In a statement made on Monday, found by Reuters, Samsung chief executive Kwon Oh-hyun said global growth will continue to slow. Weak economic conditions and increased competition will factor into the struggles for 2016, especially in key product areas such as smartphones and memory chips.

Samsung has been pushed out of a few markets by new providers, and we expect Xiaomi, Huawei, and Lenovo to make even larger gains this year. All three Chinese manufacturers are eyeing up the Middle East and Africa — after Huawei surpassed Samsung to become the No. 1 vendor in China.

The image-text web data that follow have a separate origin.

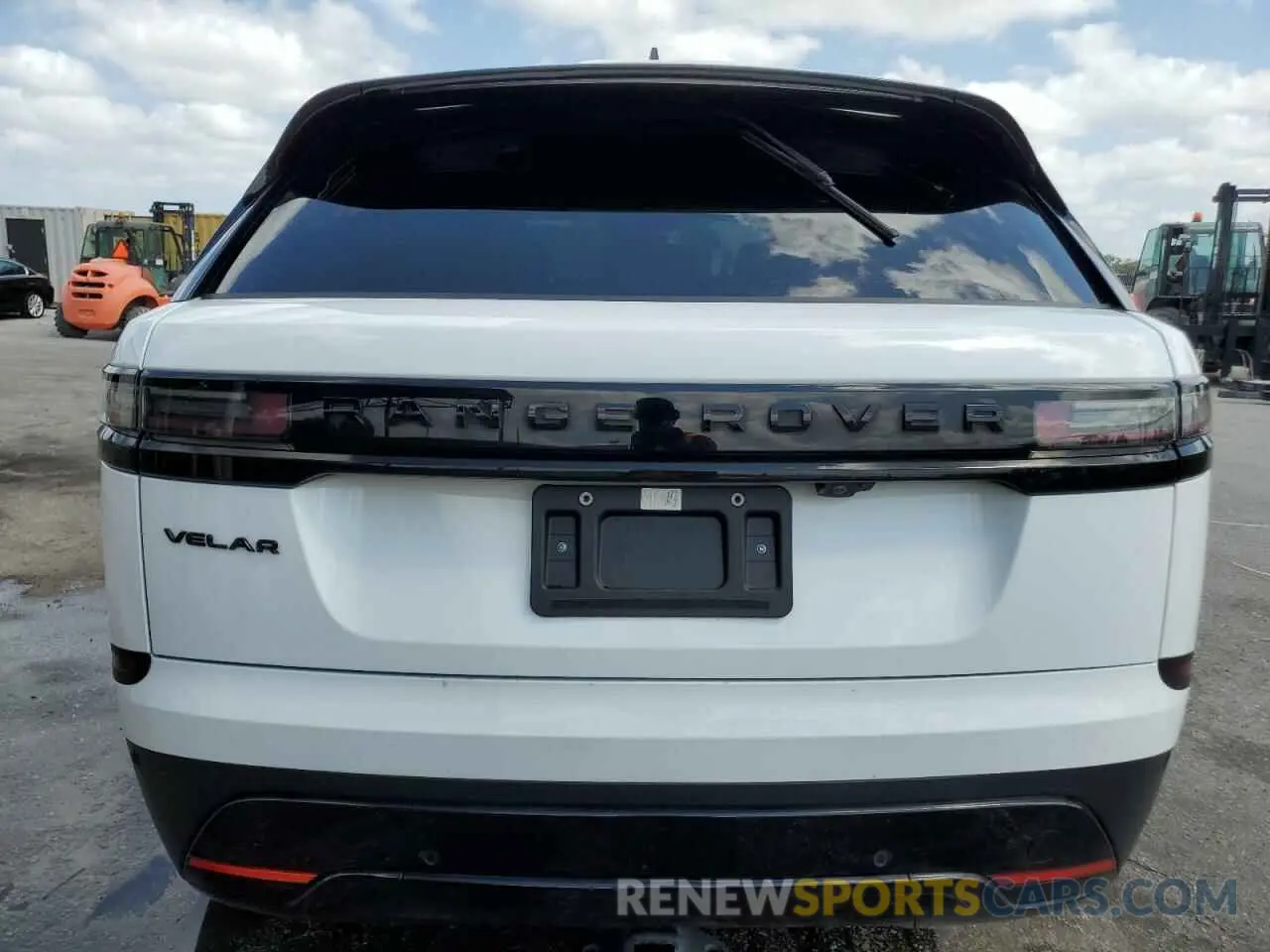 6 fotografías del automóvil dañado SALYJ2EX2RA386180 LAND ROVER RANGEROVER 2024
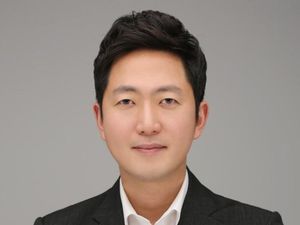 Sosok Calon CEO Baru HYBE Pengganti Park Ji Won Sosok Calon CEO Baru HYBE Pengganti Park Ji Won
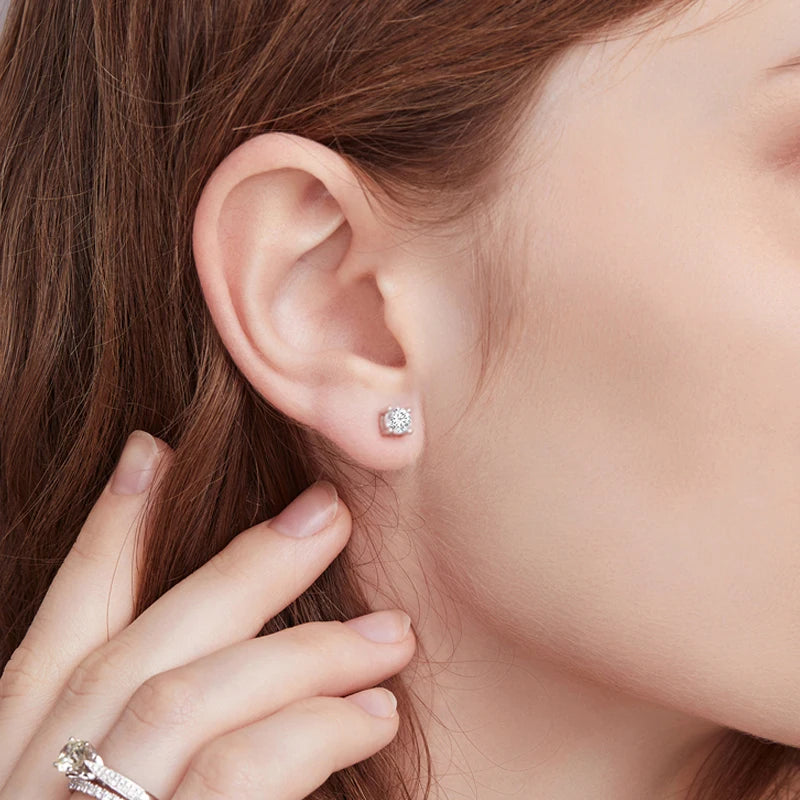 BAMOER 4-Zinken-Moissanit-Ohrringe für Damen, massives 925er-Sterlingsilber, 2 CT VVS1, Labordiamant, funkelnder klassischer Hochzeitsschmuck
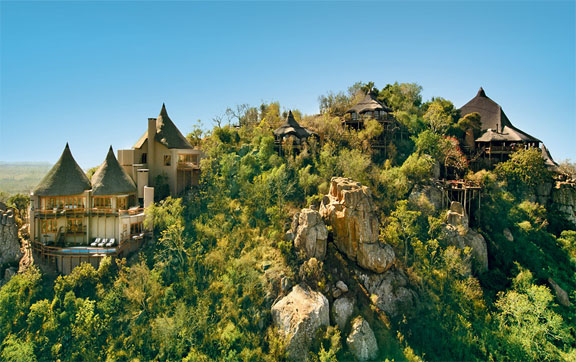 Ulusaba-Lodge-South-Africa-Exteruir-of-Lodges-on-the-Mountain-Cliff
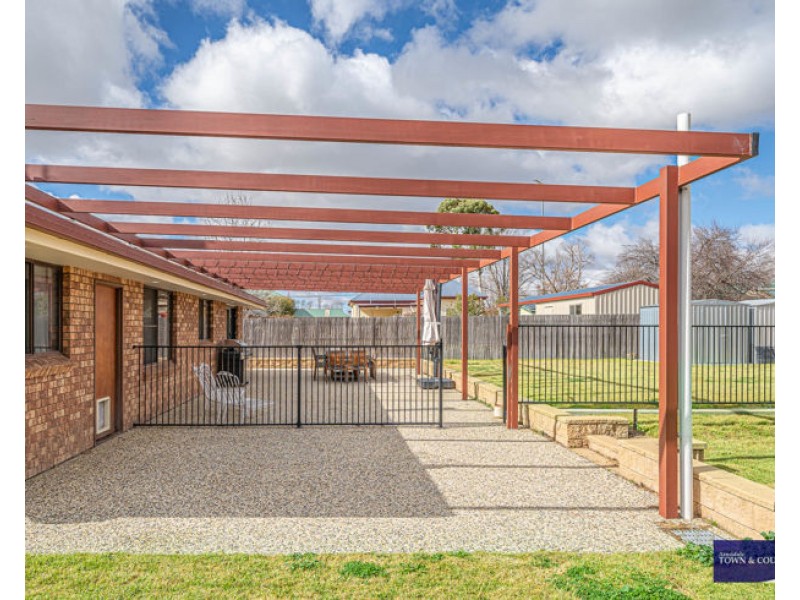 2 Oliver Avenue, Armidale NSW 2350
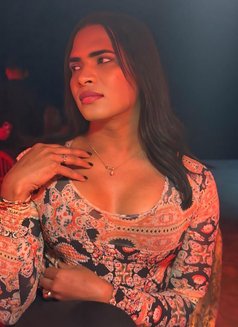 big dick@ass can smoke and drink - Transsexual escort in Hyderabad Photo 5 of 6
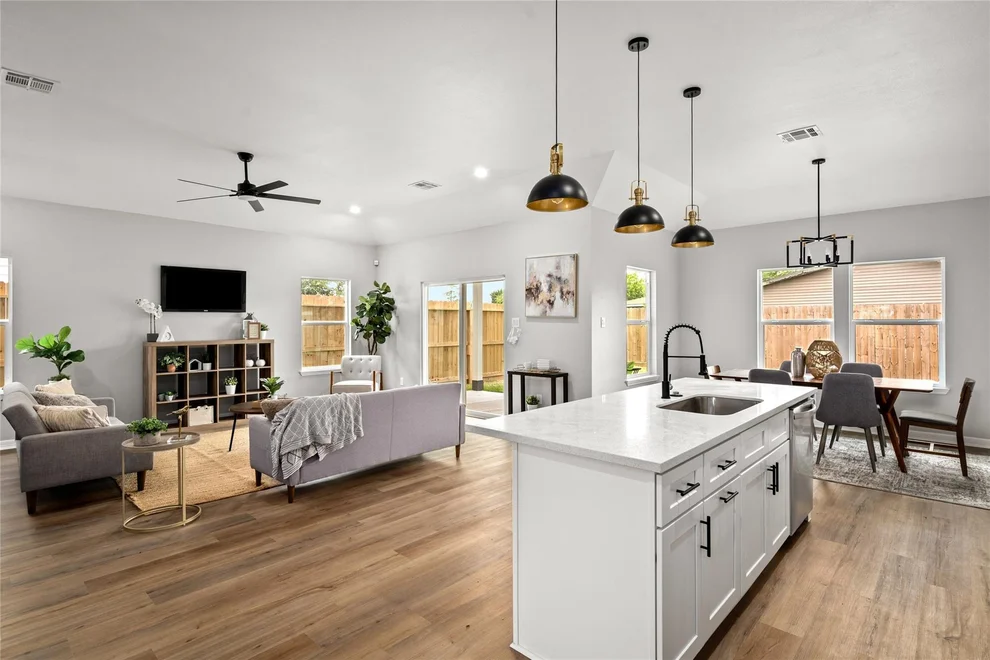 Unit for sale at 14307 Laredo Street, Houston, TX 77015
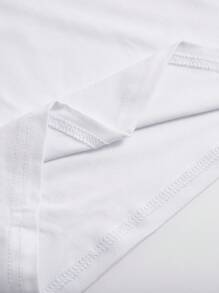 男士夏季圓領短袖T恤，印有肖像和標語印花 - 白色 - 查看 4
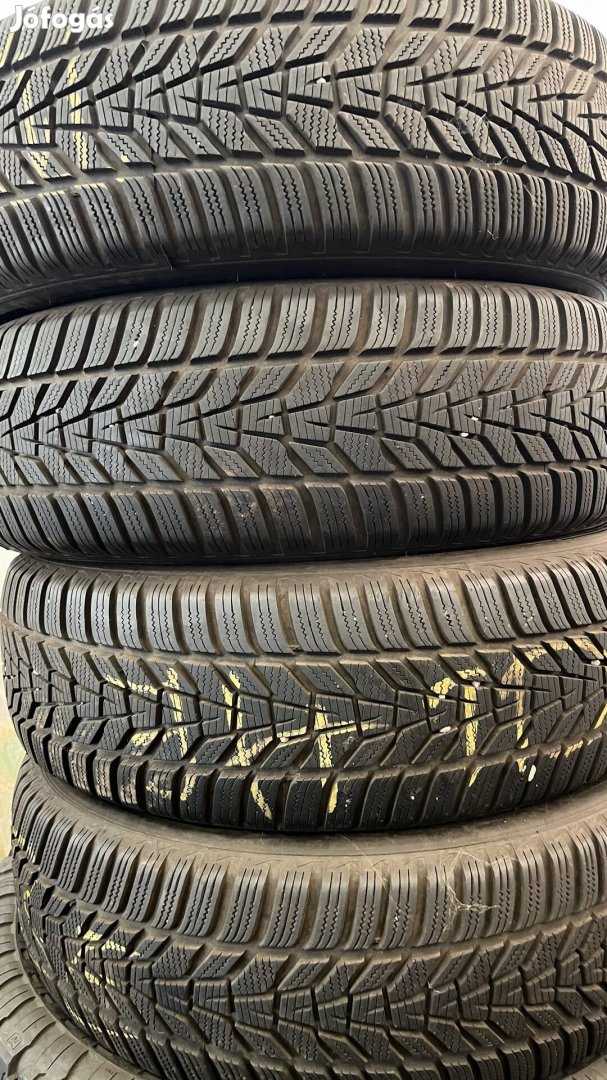 215/65R17 Hankook téligumi 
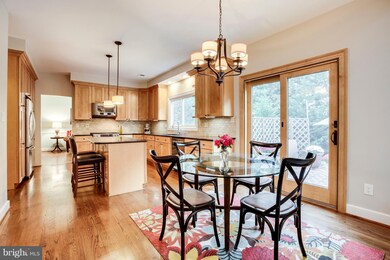 1797 Rampart Dr, Alexandria, VA 22308 - photo 3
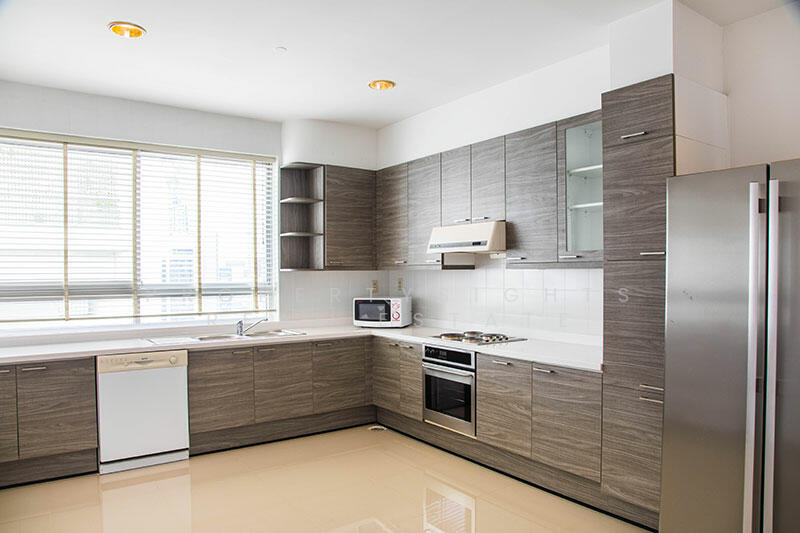 Krungthep Thani Tower, Bangkok, 56 Soi Sukhumvit 24, Khong Tan, Khlong Toei, Bangkok, 3 Bedrooms, 330 sqm, Condo For Rent, by PROPERTYSIGHTS REAL ESTATE, 9691877 - DDproperty.com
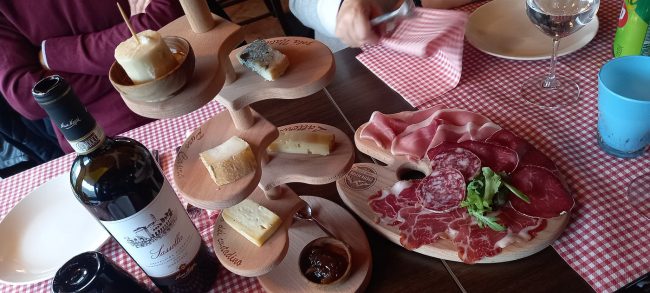 Albero "Sapori della Valsassina" Selezione di cinque formaggi locali con confettura del crotto alpino della valsassina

At the high-end, Samsung is getting crushed by Apple, while other Android suppliers lower the prices of premium flagships to under $500. This might force Samsung to lower prices on its flagship model next year, or increase production of midrange devices.

In the semiconductor business, Samsung is also starting to see more competition. Qualcomm, Intel, and MediaTek are scooping up more manufacturers in Asia, and Apple might be looking to drop Samsung from the A10 production this year.

Samsung does have some glimmers of hope, with the company apparently in talks with Apple to build OLED displays for the iPhone in 2018. It has other ventures with car manufacturers to build batteries for electric vehicles, which could take off in the next few years.

However, there is a sense that Samsung’s core businesses are becoming less valuable, due to the increased competition and lowering of prices. MediaTek appears to be beating Samsung in chip sales across China, while Xiaomi and Huawei continue to creep up to Samsung’s sales record in Asia.

Still, even with the scare in sales, Samsung is expected to report $5.7 billion in profit during the fourth quarter. It is not as high as some expectations, but compared to the rest of the mobile industry (apart from Apple), it is one of the few numbers out of the red.